- The paper introduces a novel SFI convolutional layer that adapts to various sampling frequencies without requiring resampling.
- It integrates these layers into the SuDoRM-RF network, enabling effective separation of diverse sound sources under different recording conditions.
- Experimental results on the FUSS48k dataset demonstrate significant improvements in SI-SDR metrics compared to traditional resampling-based methods.
Sampling-Frequency-Independent Universal Sound Separation
Introduction
The paper "Sampling-Frequency-Independent Universal Sound Separation" introduces a universal sound separation (USS) method that is capable of handling untrained sampling frequencies (SFs) through the incorporation of sampling-frequency-independent (SFI) convolutional layers. The primary motivation is to develop a sound separator that universally applies to diverse source types and recording conditions. While previous efforts have emphasized the need for handling various source types, executing separation across different SFs has remained underexplored.
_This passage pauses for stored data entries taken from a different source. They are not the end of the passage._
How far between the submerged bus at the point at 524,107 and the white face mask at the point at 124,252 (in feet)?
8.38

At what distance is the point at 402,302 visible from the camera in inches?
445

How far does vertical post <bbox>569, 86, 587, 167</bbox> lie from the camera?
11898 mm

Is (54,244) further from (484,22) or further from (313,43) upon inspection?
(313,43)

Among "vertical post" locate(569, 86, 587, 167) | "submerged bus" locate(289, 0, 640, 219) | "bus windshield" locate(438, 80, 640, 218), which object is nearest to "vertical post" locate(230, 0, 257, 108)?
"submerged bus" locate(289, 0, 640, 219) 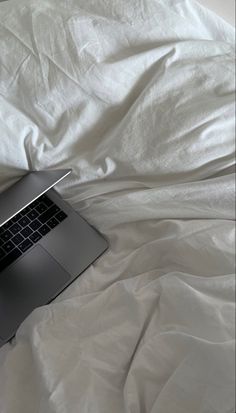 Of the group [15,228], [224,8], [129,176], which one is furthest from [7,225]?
[224,8]

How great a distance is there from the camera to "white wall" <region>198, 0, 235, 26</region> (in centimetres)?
63

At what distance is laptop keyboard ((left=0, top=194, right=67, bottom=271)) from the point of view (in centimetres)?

Recognizing the SF's variable nature across tasks, the proposed work integrates SFI convolutional layers within the SuDoRM-RF network, demonstrating notable improvements over traditional signal-resampling techniques.
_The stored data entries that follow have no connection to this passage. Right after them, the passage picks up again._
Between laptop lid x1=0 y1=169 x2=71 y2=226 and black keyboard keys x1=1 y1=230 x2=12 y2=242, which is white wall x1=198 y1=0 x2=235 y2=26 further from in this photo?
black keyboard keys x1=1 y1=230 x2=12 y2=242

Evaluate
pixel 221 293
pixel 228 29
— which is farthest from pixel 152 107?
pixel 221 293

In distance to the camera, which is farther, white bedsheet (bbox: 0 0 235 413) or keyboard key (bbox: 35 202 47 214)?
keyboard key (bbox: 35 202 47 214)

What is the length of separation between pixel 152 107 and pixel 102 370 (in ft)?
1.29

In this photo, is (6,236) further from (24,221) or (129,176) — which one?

Figure 1: Network architectures of the proposed SFI version of SuDoRM-RF, original SuDoRM-RF, and mask predictor.
SuDoRM-RF Network Overview
SuDoRM-RF is a state-of-the-art USS network characterized by its computational efficiency and superior performance in handling a diverse range of source types. It employs a one-dimensional convolutional layer architecture with trainable analysis and synthesis filterbanks, often referred to as the encoder and decoder. The encoder transfigures input signals into a pseudo time-frequency domain, which the mask predictor uses to derive separation masks for each source. The network innovatively addresses scenarios with variable numbers of sources, allowing for robust assignment and permutation invariant training through a negative average SNR-based loss function.
SFI Convolutional Layer
The paper introduces a novel extension, the SFI convolutional layer, which generates convolutional kernels compatible with the SF of the input. By employing analog filters as archtypes, the digital filter analogously adapts through a frequency-domain filter design method, making it invariant to the input SF. This adaptability is pivotal in environments with a wide distribution of SFs, enabling the network to maintain consistent performance without the inefficiencies introduced by signal resampling.
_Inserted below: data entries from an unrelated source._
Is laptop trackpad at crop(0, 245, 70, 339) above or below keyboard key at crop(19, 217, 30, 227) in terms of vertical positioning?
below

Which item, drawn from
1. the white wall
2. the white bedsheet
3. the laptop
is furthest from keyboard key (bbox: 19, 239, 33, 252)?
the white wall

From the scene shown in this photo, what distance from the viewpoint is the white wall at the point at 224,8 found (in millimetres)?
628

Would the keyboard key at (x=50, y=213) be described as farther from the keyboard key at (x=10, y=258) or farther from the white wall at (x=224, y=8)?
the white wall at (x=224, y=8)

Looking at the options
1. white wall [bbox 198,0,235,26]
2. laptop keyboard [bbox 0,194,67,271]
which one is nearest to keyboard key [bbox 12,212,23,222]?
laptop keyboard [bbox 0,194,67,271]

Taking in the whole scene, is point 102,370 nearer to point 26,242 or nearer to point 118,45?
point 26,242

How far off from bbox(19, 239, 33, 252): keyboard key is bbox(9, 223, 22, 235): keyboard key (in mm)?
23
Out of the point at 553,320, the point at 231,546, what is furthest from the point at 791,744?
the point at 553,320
The SFI convolutional layer replaces traditional convolution layers within SuDoRM-RF, ensuring the network's seamless transition between different SF environments with negligible computational overhead, beyond the initial generation of weights per unique SF.
Figure 2: Architecture of SFI convolutional layer using frequency-domain digital filter design.
Experimental Evaluation
Experiments conducted using the FUSS48k dataset affirm the effectiveness of the SFI approach. By resampling the dataset at various SFs, the proposed method significantly outperforms traditional methods which rely on signal resampling. This performance superiority is evident in both SI-SDR and SI-SDR improvement metrics across all evaluated N sources.




Figure 3: Separation performances of proposed and signal-resampling-based methods for each N. Red dotted lines denote trained SF. Error bars show standard errors.
The results underscore the degradation introduced by resampling-based methods, particularly at lower SFs, which contrasts sharply with the consistent results obtained using the proposed SFI layers. The SFI extension of SuDoRM-RF demonstrates maintained efficacy across a diverse SF spectrum, validating the utility of the proposed framework for universal separation tasks.
Conclusion
This research delivers a practical and efficient solution for universal sound separation in environments with variable SFs. By innovatively integrating SFI convolutional layers within the SuDoRM-RF structure, the approach elegantly circumvents challenges posed by SF inconsistencies, ensuring high performance across various recording contexts. The paper paves the way for universally applicable sound separation models, providing a crucial step toward seamless preprocessing capabilities across myriad audio signal processing applications. Future research may explore further optimizations for real-time applications and broader testing across additional datasets.